§ What you have to do
Omit every picture. Return all other data as it stands.

§ Exercise input
┌──

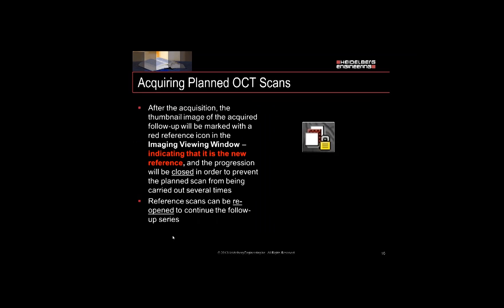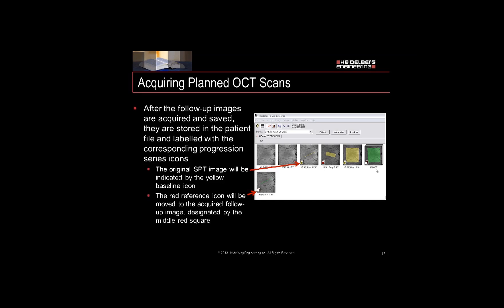After acquisition is completed, the follow-up will be marked with a red reference icon indicating that it is the new reference. This progression will be closed, indicated by the small lock icon. If you wish to continue the follow-up series, you can right mouse click and select Open. All scans are saved with original planned scans shown with the yellow baseline icon and completed scans with the green scan pattern and red reference icon.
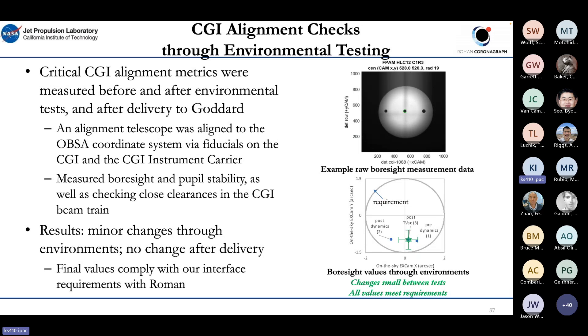The instrument was delivered to Goddard Space Flight Center and integrated without significant change to the pointing, concluding the alignment campaign.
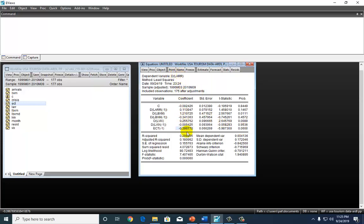Note again, as we get ready to wrap this up, that the error correction model is only appropriate when we have cointegration. Otherwise, we can only run the short-run ARDL model and make inference on short-run causal effects.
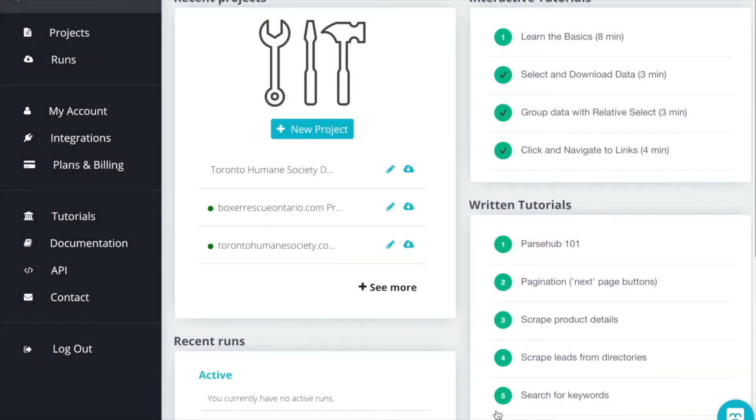Now that you've created your ParseHub account and we've completed our first project, let's repeat the process for a website with a bit of a different structure. So let's create a new project.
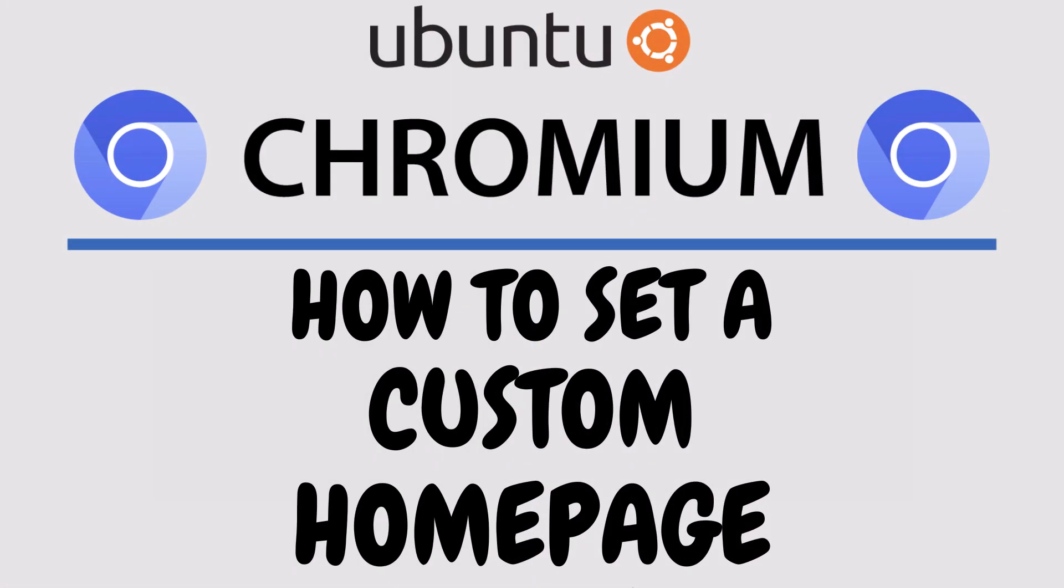This is going to be a video tutorial on how to set a custom home page on the Chromium web browser. I will be using Ubuntu for this.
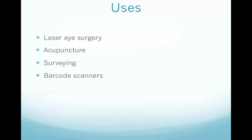It's also used in acupuncture. Low level helium neon laser is used to stimulate particular points on the body and laser is used instead of traditional thin needles.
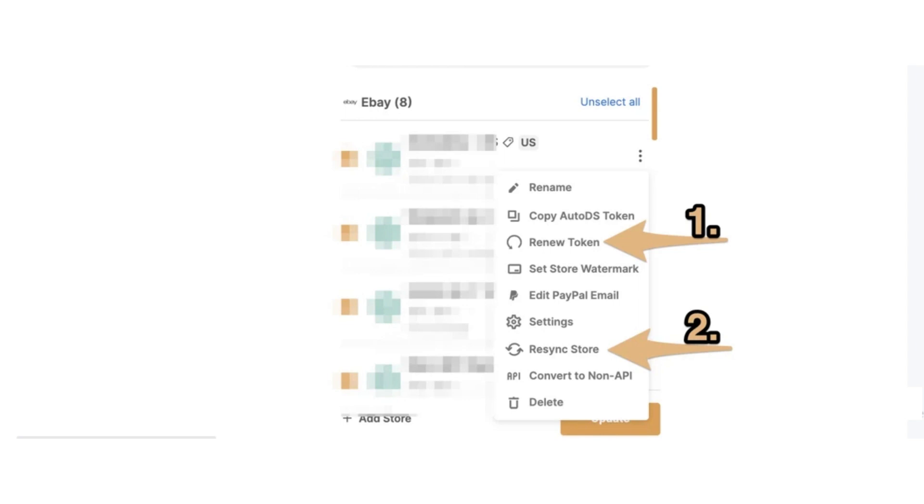and resyncing your store for the orders to populate in your account. So that's what you can do if AutoTS bot did not place your order. That's all for this video. If you find this video helpful, please like and subscribe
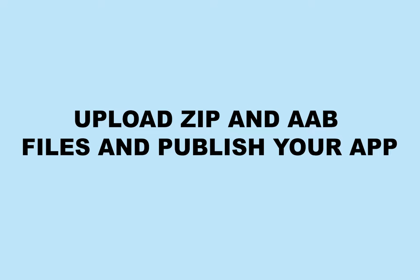In this video tutorial, we will tell you how to upload SIP and AAB files and complete the process of publishing your app on Google Play Console.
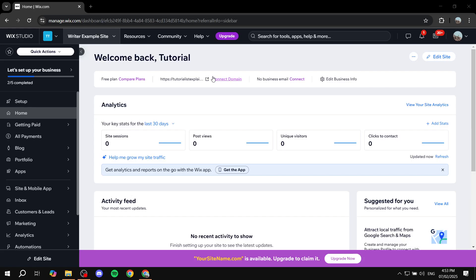How to add products to your Wix site. Hey everyone and welcome, I hope you're all doing great. In this video I'll show you all you need to do in order to actually add your products. It's a very simple process, so let's just go ahead and get to it.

└──

§ Task result
After acquisition is completed, the follow-up will be marked with a red reference icon indicating that it is the new reference. This progression will be closed, indicated by the small lock icon. If you wish to continue the follow-up series, you can right mouse click and select Open. All scans are saved with original planned scans shown with the yellow baseline icon and completed scans with the green scan pattern and red reference icon.
The instrument was delivered to Goddard Space Flight Center and integrated without significant change to the pointing, concluding the alignment campaign.
Note again, as we get ready to wrap this up, that the error correction model is only appropriate when we have cointegration. Otherwise, we can only run the short-run ARDL model and make inference on short-run causal effects.
Now that you've created your ParseHub account and we've completed our first project, let's repeat the process for a website with a bit of a different structure. So let's create a new project.
This is going to be a video tutorial on how to set a custom home page on the Chromium web browser. I will be using Ubuntu for this.
It's also used in acupuncture. Low level helium neon laser is used to stimulate particular points on the body and laser is used instead of traditional thin needles.
and resyncing your store for the orders to populate in your account. So that's what you can do if AutoTS bot did not place your order. That's all for this video. If you find this video helpful, please like and subscribe
In this video tutorial, we will tell you how to upload SIP and AAB files and complete the process of publishing your app on Google Play Console.
How to add products to your Wix site. Hey everyone and welcome, I hope you're all doing great. In this video I'll show you all you need to do in order to actually add your products. It's a very simple process, so let's just go ahead and get to it.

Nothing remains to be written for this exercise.